> _What you should do_
From the line containing "Underverse Killer Sans" through the end of the material below, output each line exactly as written, with pictures excluded.

======== Input data ========

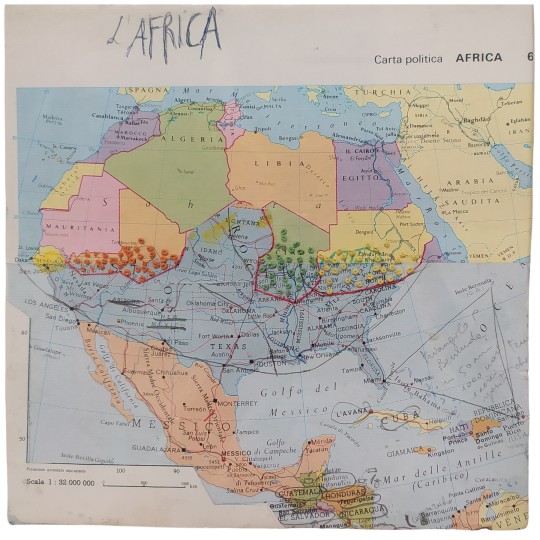 "Senza titolo" - 1/3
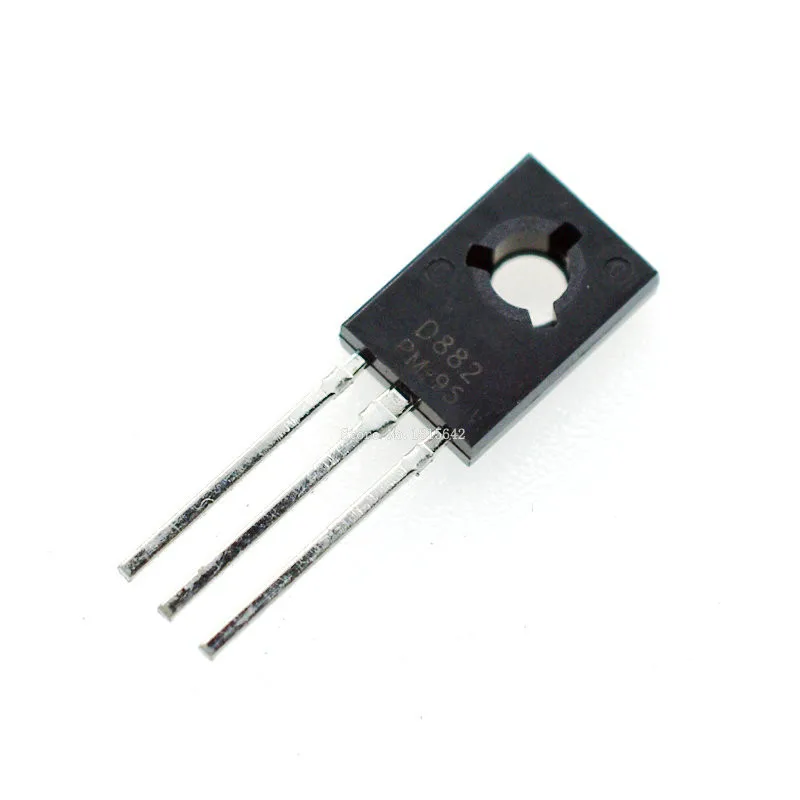 20 шт./лот транзистор D882 2SD882 3A/40 В NPN Power Triode новый оригинальный|triode transistor|transistor d882d882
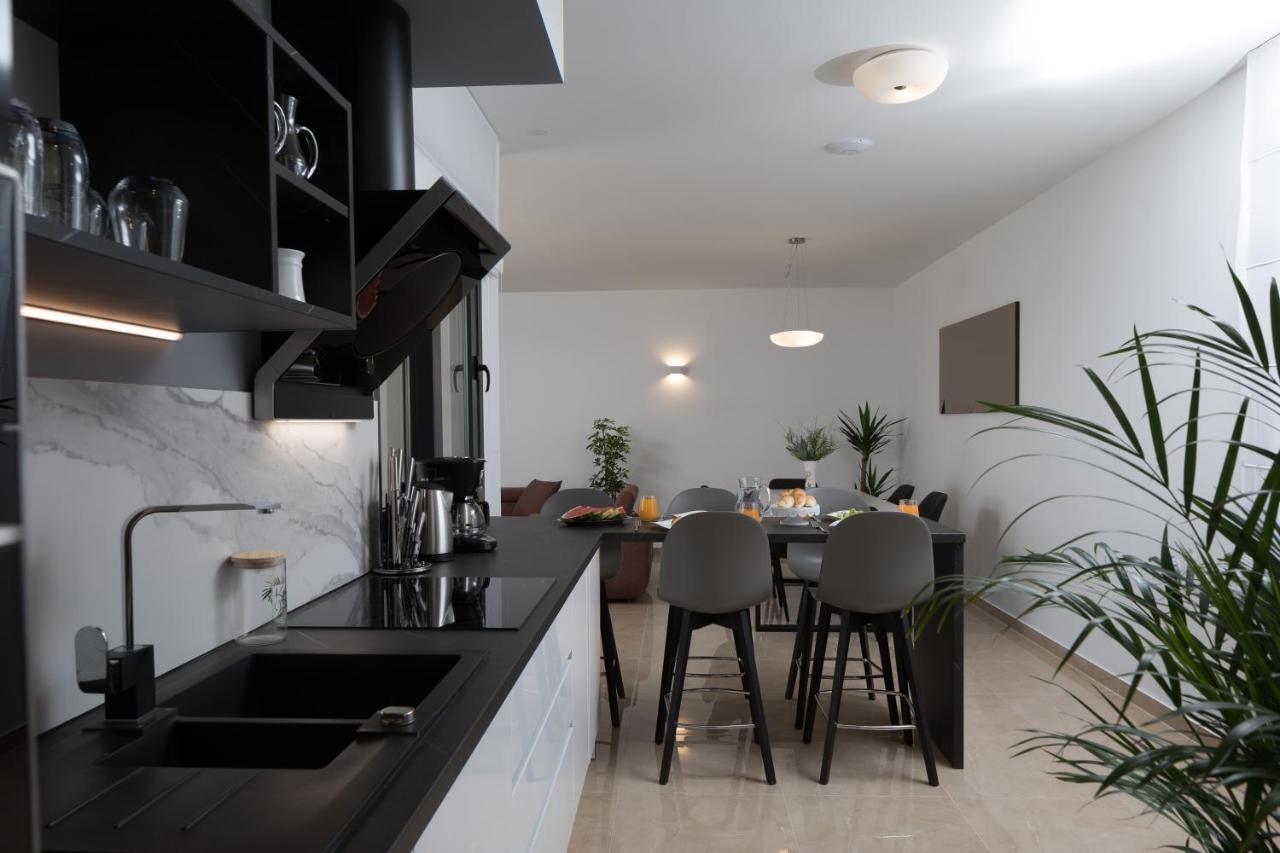 Villa Four Brothers - Penthouse Suite Podstrana Zewnętrze zdjęcie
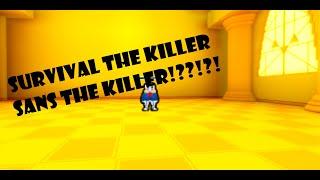 Underverse Killer Sans Showcase in Undertale Endless Route Roblox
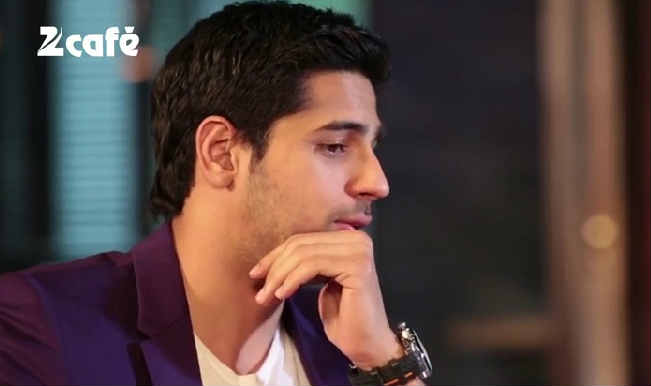 Look Who's Talking With Niranjan Iyengar: Sidharth Malhotra reveals some unsaid facts of his life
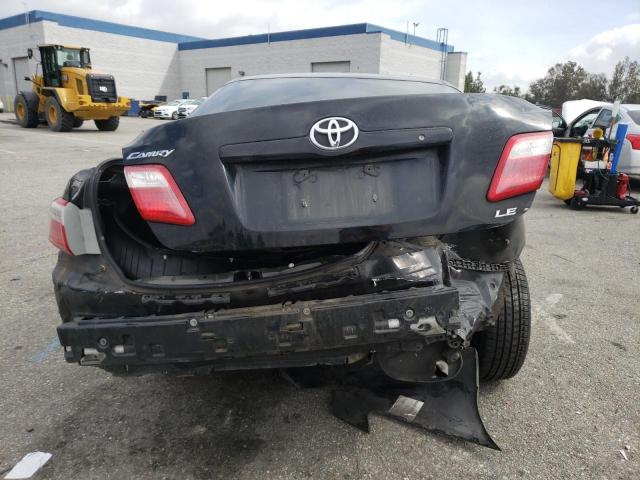 Photo 6 from auction – 2007 TOYOTA CAMRY CE with VIN 4T1BE46KX7U656778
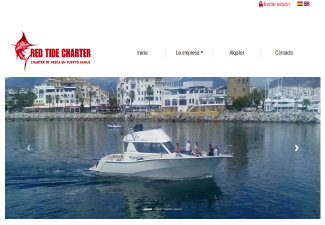 Red Tide Charter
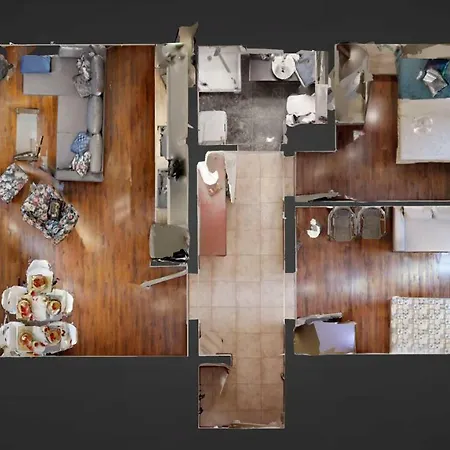 アパート Wilda ポズナン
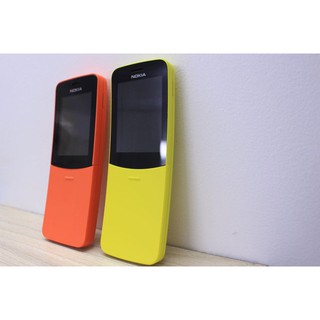 ĐIỆN THOẠI NOKIA 8110 4G NEW 2018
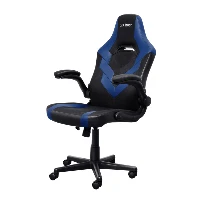 GXT703B RIYE GAMING CHAIR BLUE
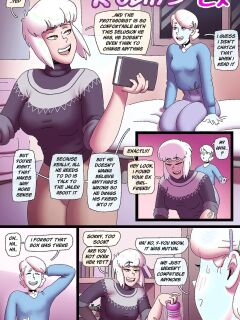 [DeprivedArt] Robin's Ex Preview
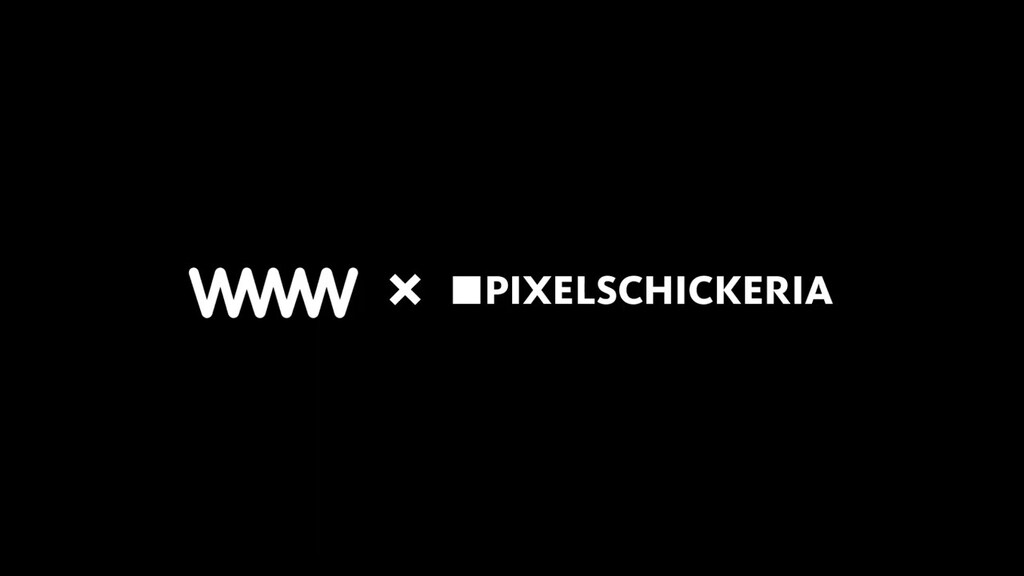 what when why x Pixelschickeria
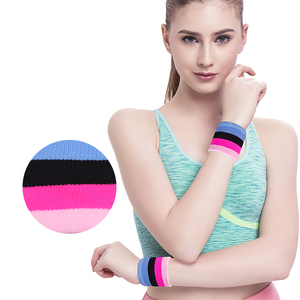 Tốt nhất bán Trọng lượng nâng cổ tay bọc Băng tập thể dục dây đeo cổ tay với phòng tập thể dục dây đeo cổ tay - Product Image 3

========

> _Answer to this problem_
 Underverse Killer Sans Showcase in Undertale Endless Route Roblox
 Look Who's Talking With Niranjan Iyengar: Sidharth Malhotra reveals some unsaid facts of his life
 Photo 6 from auction – 2007 TOYOTA CAMRY CE with VIN 4T1BE46KX7U656778
 Red Tide Charter
 アパート Wilda ポズナン
 ĐIỆN THOẠI NOKIA 8110 4G NEW 2018
 GXT703B RIYE GAMING CHAIR BLUE
 [DeprivedArt] Robin's Ex Preview
 what when why x Pixelschickeria
 Tốt nhất bán Trọng lượng nâng cổ tay bọc Băng tập thể dục dây đeo cổ tay với phòng tập thể dục dây đeo cổ tay - Product Image 3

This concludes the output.